Raw data:
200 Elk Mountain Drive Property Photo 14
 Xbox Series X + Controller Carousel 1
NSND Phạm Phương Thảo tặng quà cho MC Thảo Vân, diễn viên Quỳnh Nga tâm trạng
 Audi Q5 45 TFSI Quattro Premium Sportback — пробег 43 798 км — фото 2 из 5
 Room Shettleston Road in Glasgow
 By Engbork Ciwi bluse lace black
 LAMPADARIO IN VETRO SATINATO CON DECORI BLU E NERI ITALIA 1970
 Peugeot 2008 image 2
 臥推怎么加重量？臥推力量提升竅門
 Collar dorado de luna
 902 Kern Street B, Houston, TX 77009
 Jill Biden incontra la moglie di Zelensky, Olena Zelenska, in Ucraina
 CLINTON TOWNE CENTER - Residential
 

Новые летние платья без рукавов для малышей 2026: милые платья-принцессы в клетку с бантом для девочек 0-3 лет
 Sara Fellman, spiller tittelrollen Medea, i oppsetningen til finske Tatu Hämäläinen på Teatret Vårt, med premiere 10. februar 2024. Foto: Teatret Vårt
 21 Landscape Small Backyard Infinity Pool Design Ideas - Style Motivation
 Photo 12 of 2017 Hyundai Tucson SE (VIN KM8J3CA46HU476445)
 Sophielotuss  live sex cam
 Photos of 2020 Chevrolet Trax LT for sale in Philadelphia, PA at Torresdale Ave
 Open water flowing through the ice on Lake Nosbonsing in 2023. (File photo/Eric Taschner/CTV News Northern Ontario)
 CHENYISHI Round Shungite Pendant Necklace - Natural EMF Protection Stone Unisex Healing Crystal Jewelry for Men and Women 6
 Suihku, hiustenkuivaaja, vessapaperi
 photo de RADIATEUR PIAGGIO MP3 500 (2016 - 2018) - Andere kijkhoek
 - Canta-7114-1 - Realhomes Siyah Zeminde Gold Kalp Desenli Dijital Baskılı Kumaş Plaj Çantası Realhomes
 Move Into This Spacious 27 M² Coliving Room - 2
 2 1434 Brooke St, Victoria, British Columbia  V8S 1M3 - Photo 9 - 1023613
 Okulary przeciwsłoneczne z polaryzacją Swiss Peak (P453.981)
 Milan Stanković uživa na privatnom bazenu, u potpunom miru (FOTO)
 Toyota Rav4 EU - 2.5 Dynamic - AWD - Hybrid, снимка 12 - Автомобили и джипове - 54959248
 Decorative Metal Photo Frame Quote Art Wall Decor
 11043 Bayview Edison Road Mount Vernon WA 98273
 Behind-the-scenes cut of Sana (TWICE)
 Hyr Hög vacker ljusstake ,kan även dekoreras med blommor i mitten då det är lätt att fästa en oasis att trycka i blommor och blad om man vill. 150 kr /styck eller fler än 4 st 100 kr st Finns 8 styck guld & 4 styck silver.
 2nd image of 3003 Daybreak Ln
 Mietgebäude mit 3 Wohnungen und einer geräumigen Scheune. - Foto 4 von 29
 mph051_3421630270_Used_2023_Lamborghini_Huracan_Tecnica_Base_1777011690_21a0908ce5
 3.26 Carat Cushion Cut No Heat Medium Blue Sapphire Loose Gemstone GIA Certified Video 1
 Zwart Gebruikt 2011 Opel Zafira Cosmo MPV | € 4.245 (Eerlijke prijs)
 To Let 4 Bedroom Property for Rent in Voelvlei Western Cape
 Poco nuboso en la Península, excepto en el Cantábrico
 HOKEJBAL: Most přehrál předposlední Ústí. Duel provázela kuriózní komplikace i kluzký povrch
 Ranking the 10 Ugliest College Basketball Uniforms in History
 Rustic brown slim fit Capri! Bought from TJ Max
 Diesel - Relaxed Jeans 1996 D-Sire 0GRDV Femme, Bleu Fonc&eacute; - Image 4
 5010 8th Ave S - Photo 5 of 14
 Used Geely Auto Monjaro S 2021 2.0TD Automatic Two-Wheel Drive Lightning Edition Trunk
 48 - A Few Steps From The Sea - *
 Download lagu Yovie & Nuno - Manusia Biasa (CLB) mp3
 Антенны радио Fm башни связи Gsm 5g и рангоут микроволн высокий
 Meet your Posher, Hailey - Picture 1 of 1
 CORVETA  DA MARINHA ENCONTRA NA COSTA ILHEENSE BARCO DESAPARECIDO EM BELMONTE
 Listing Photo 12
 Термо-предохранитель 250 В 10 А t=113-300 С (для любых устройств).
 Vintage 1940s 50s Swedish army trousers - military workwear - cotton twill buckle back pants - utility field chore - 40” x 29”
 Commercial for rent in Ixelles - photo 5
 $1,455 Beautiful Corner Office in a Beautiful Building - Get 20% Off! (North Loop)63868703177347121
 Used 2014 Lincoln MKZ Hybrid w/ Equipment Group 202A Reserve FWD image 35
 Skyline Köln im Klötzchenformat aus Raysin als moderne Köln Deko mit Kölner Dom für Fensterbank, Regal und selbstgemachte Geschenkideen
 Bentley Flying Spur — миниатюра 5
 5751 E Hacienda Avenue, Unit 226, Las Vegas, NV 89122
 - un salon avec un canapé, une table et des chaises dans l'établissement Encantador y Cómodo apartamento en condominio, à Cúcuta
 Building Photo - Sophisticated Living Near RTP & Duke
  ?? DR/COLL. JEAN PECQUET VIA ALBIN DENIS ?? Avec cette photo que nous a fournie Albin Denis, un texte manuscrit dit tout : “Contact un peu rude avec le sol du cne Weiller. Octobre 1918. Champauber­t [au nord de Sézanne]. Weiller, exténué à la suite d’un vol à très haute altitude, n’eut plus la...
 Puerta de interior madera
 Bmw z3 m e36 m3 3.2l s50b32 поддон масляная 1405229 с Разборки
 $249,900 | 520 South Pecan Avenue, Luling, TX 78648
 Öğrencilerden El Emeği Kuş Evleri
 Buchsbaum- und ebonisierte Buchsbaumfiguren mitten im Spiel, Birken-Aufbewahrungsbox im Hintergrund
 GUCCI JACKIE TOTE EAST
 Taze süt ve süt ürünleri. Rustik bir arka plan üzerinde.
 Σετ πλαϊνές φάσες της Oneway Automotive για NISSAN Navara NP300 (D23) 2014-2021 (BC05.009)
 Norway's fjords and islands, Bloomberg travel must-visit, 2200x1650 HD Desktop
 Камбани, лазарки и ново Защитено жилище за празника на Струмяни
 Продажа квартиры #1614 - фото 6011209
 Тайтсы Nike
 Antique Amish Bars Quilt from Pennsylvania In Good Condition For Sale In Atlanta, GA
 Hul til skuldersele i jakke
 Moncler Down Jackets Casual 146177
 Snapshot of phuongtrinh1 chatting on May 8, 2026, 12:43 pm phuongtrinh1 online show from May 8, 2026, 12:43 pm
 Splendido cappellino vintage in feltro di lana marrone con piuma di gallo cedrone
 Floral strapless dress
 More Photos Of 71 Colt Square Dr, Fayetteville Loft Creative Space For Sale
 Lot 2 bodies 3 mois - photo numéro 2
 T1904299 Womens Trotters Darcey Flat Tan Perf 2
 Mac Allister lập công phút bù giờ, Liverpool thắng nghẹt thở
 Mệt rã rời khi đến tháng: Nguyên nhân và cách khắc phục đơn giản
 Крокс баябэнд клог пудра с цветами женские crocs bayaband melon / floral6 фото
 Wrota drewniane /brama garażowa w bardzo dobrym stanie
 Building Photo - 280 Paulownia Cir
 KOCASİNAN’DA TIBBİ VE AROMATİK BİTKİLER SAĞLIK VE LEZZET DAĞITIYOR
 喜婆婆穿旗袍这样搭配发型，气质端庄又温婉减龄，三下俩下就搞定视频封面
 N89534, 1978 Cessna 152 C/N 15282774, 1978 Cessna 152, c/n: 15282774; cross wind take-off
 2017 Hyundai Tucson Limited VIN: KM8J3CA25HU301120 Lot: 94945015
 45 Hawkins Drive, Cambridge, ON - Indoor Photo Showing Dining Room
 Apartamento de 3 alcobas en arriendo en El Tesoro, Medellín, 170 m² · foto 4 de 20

Description of the task: An exact copy of the lines above between the line holding "Taze süt ve" and the line holding "Floral strapless dress", inclusive, is the whole answer.

Answer for this exercise:
 Taze süt ve süt ürünleri. Rustik bir arka plan üzerinde.
 Σετ πλαϊνές φάσες της Oneway Automotive για NISSAN Navara NP300 (D23) 2014-2021 (BC05.009)
 Norway's fjords and islands, Bloomberg travel must-visit, 2200x1650 HD Desktop
 Камбани, лазарки и ново Защитено жилище за празника на Струмяни
 Продажа квартиры #1614 - фото 6011209
 Тайтсы Nike
 Antique Amish Bars Quilt from Pennsylvania In Good Condition For Sale In Atlanta, GA
 Hul til skuldersele i jakke
 Moncler Down Jackets Casual 146177
 Snapshot of phuongtrinh1 chatting on May 8, 2026, 12:43 pm phuongtrinh1 online show from May 8, 2026, 12:43 pm
 Splendido cappellino vintage in feltro di lana marrone con piuma di gallo cedrone
 Floral strapless dress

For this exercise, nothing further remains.